Remontant lui-même aux causes premières de cette signification, c’est-à-dire aux relations que les points fortifiés ont avec la contrée où ils sont situés et avec l’armée qui occupe cette contrée, le défenseur crut de son côté ne pouvoir apporter trop de soin, de science abstraite et d’expérience à la fixation de ces points, et l’on en arriva ainsi à l’idée de forteresses ne contenant parfois plus ni ville ni habitants.

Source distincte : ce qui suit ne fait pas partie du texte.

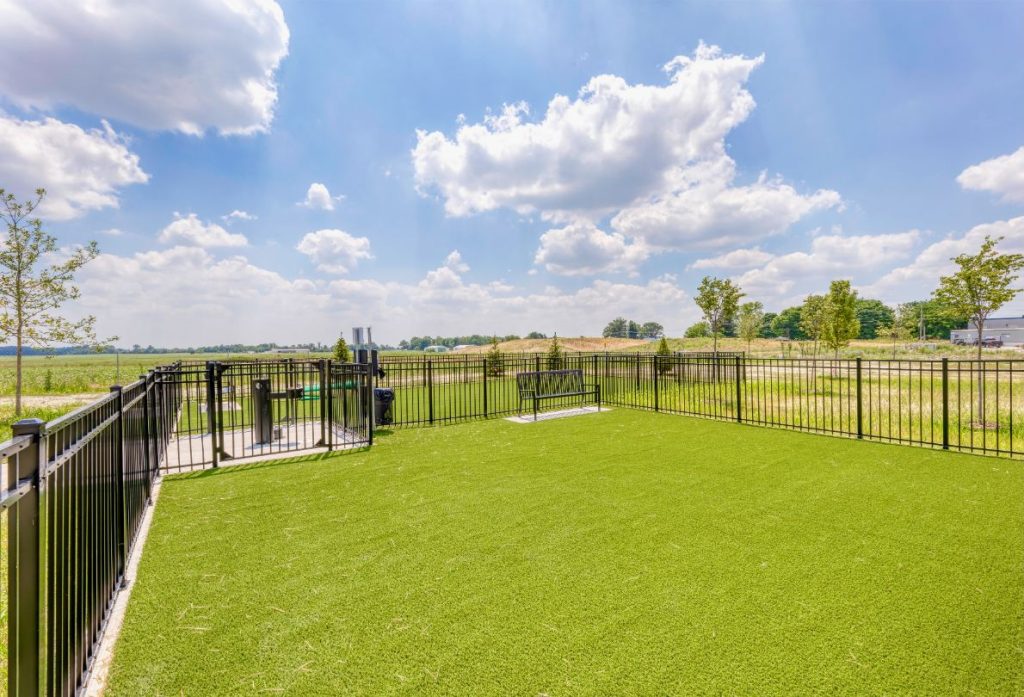 Apartments in Lebanon, IN A fenced outdoor area with artificial grass, surrounded by open fields, trees, and a clear blue sky with scattered clouds.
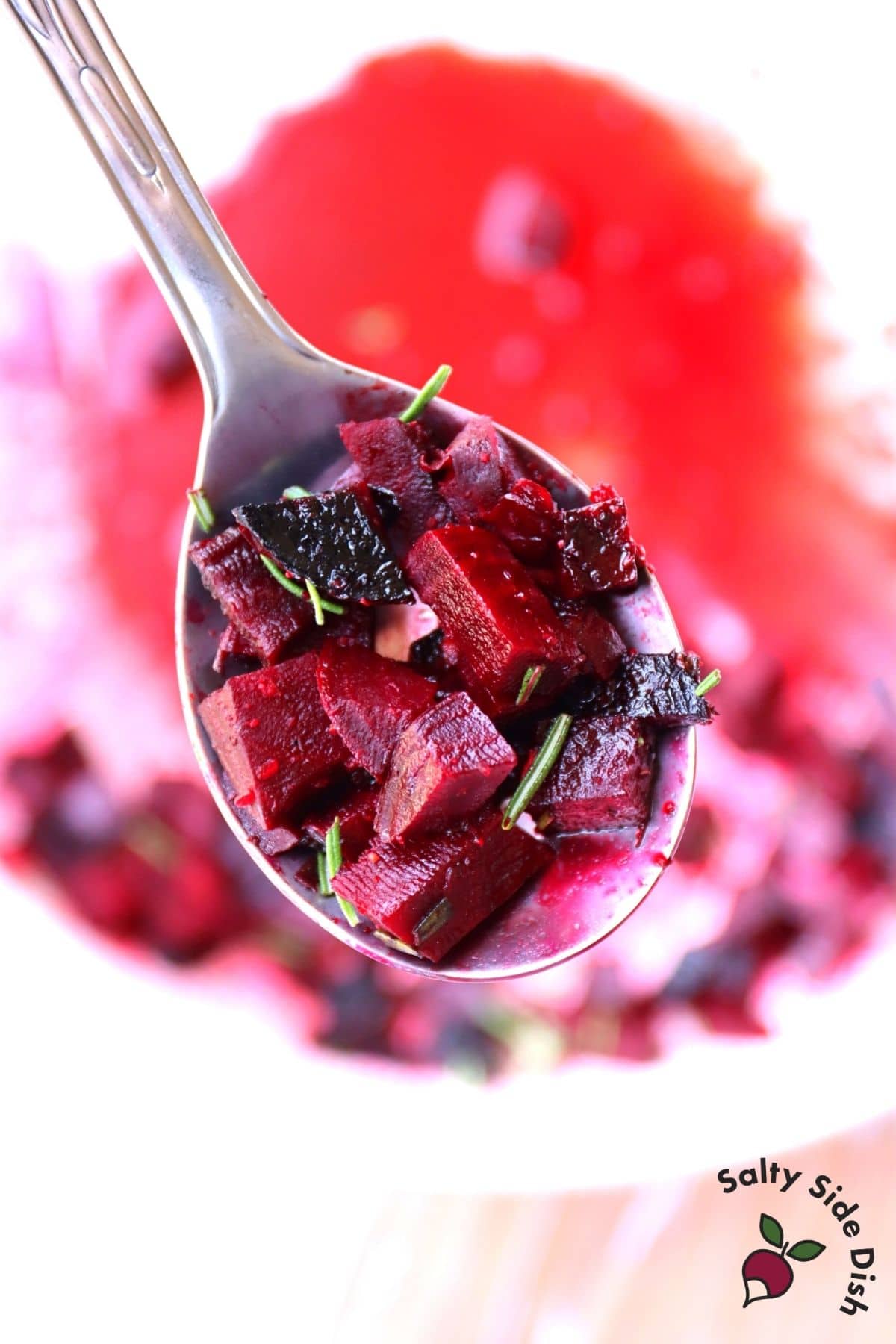 grilled diced beets in a spoon with fresh rosemary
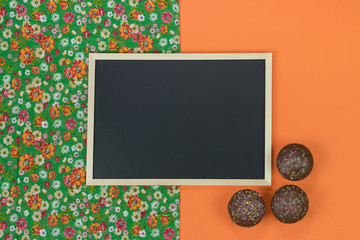 Empty chalkboard on orange background with copy space.
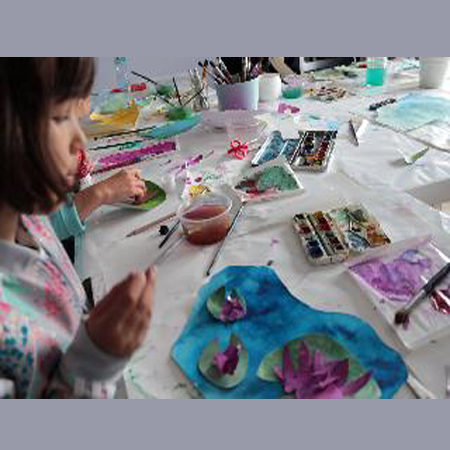 Stół z farbami i przyborami malarskimi, po lewej stronie dziewczynka z pędzelkiem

Il est vrai qu’en raison de l’exiguïté des États entre lesquels les peuples étaient alors partagés, ainsi que de la nature du recrutement de leurs armées, composées soit de contingents féodaux qui devaient rentrer dans leurs foyers à de certaines époques déterminées, soit de condottieri dont la solde épuisait promptement le trésor public, les attaques n’avaient qu’une durée périodique à peu près marquée par le changement des saisons, et que, par suite, il suffisait généralement d’un point défendu par un simple mur d’enceinte pour maintenir toute une portion de territoire à l’abri du fléau qui dévastait le pays environnant.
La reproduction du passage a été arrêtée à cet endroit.